Chapter 4. Clustering

This chapter describes the Neo4j clustering solutions Causal Clustering and Highly Available Cluster.

The clustering features are available in Neo4j Enterprise Edition.

This chapter describes Neo4j’s architecture with regards to the clustering features.

Neo4j offers two separate solutions for ensuring redundancy and performance in a high-demand production environment:

Clustering for the enterprise

Enterprise IT requirements are demanding. Our solutions are expected to provide high throughput, continuous availability, and reliability. Further, in most IT ecosystems we often want to run long-lived queries on operational data for analytics and reporting purposes. When designing our solutions, we must ensure that any technology choices we make can underpin those critical enterprise requirements.

High throughput

To meet demanding graph workloads, Neo4j clusters allow work to be federated across a number of cooperating machines.

Figure 4.1. Throughput
througput

In a clustered environment, throughput goals (graph queries) can be met by allowing each machine to process a subset of the overall queries. This scheme also reduces latency as we can see by the (logical) queue length in the diagram above.

Continuous availability

A fundamental requirement for most enterprise-grade systems is high availability. That is, even in the presence of failures, the system continues to deliver its functionality to end users (humans or other computer systems).

Figure 4.2. Availability
availability

Neo4j’s clustering architecture is an automated solution for ensuring that Neo4j is continuously available. The premise is that we deploy redundancy into the cluster such that if failures occur they can be masked by the remaining live instances. In the case above a single failed instance does not cause the cluster to stop (though the throughput of the cluster may be lower).

Disaster recovery

Disaster recovery is the ability to recover from major service outages, greater than can be accommodated by the redundant capacity in a continuously available cluster. Typically these are manifested as data center outages, physical network severance, or even denial of service attacks that render large amounts of infrastructure inoperable.

Figure 4.3. Safety
safety

In these cases a disaster recovery strategy can define a failover datacenter along with a strategy for bringing services back online. Neo4j clustering can accommodate disaster recovery strategies that require very short-windows of downtime or low tolerances for data loss in disaster scenarios. By deploying a cluster instance to an alternate location, you have an active copy of your database up and available in your designated disaster recovery location that is up to date with the transactions executed against your operational database cluster.
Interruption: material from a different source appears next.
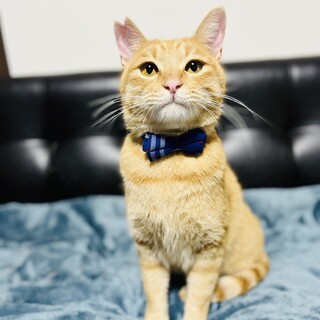 べったり超甘えんぼな茶トラくん【大阪市】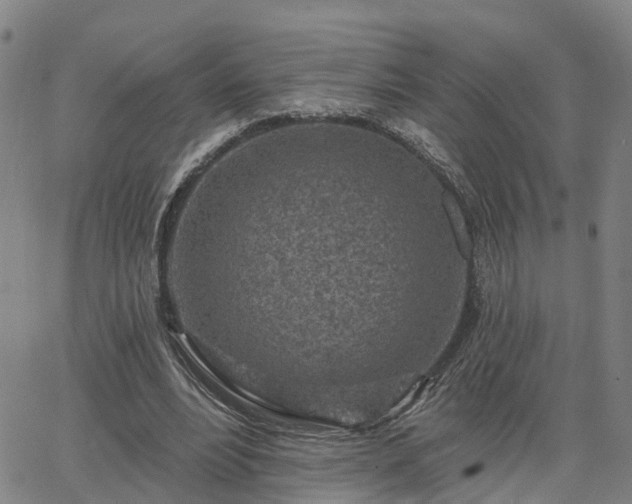 X0000063480488200601231350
In anticipating a disaster recovery instance or instances we are helping to minimize downtime and ensure the safety of data. Given disaster recovery happens by definition at stressful and inconvenient times, having a well designed recovery scenario as part of the database cluster is a sensible plan, albeit one we hope to never action.

Analytics and reporting

Operational data is the lifeblood of our online processing systems. However other stakeholders in the enterprise require access to that data for their own business intelligence purposes. Analytics and reporting queries are often ad-hoc from the database’s perspective. Queries may be speculative or wide-ranging as new analyses are performed. This means the workload can be unpredictable and onerous. Such workloads risk upsetting the balance of work in the system leaving fewer resources available for the online workloads (e.g. customers). We must be amenable to servicing the needs of the analytics requests too. Fortunately Neo4j clustering can be used to provide separate instances entirely in support of query analytics, either from end users or from BI tools. As a consequence of being part of the cluster, the analytics instances are up to date and do not require any external ETL jobs or other complexity.